Однако и здесь не было создано ничего, что производило бы впечатление «открытия», какое вызвала постановка «Царя Федора» на сцене МХТ. Даже в спектакле «Царь Федор Иоаннович», осуществленном Петербургским литературно-артистическим кружком одновременно с МХТ (премьера состоялась на два дня раньше — 12 октября 1898 г.), где стремились достичь исторического правдоподобия и, более того, в процессе подготовки спектакля пытались использовать новшества МХТ, ни в режиссерской трактовке, ни в декорациях и костюмах не было сделано ничего такого, что в какой-либо степени можно было бы сравнить с новаторством Художественного театра. А. С. Суворин, стоявший {96} во главе театра Литературно-артистического кружка, в сентябре 1898 года вместе с некоторыми участниками готовящейся в его театре постановки подробно знакомился с ходом работы в МХТ. Немирович-Данченко вспоминал: «Мы решили, ничего не утаивая, все показать им. Помню, Дестомб (исполнительница роли царицы Ирины. — М. П.) копировала вышивки с изготовленных в наших мастерских боярских платьев, снимала рисунки с бутафории, утвари, а секретарь Суворина с моих слов записывал всю монтировку и mise en scène пьесы…»[clxiii].

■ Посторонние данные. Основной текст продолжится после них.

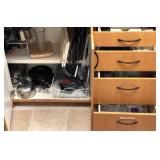 BPB080 - CUISINART BLENDER, SMOKER AND A WHOLE LOT MORE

Петербургская пресса расточала похвалы тщательности и обдуманности постановки, распространяя их и на оформление. Писали, что художник И. А. Суворов[clxiv] блеснул знанием русской истории, декоративная и бутафорская обстановка была «почти безукоризненна», и с точки зрения «исторического» и «общежитейского правдоподобия» ее «решительно не в чем упрекнуть». Насколько преувеличены были подобные оценки, свидетельствует в своих воспоминаниях П. П. Гнедич, бывший в те годы заведующим постановочной частью Суворинского театра. Он пишет: «Гипноз публики доходил до того, что сад Шуйского, который изображала старая ходовая декорация леса, уже три года ходившая в нашем театре чуть не ежедневно, возбудил неистовый восторг не только зрителей, а и в печати. Берега Яузы были написаны так плохо, что на другой день после представления пьесы были размыты и написаны вновь. А последняя картина — Московский Кремль — на третьем и четвертом плане представляла собою только расчерченный холст, и Кремль появился во всей красе только на пятом представлении»[clxv].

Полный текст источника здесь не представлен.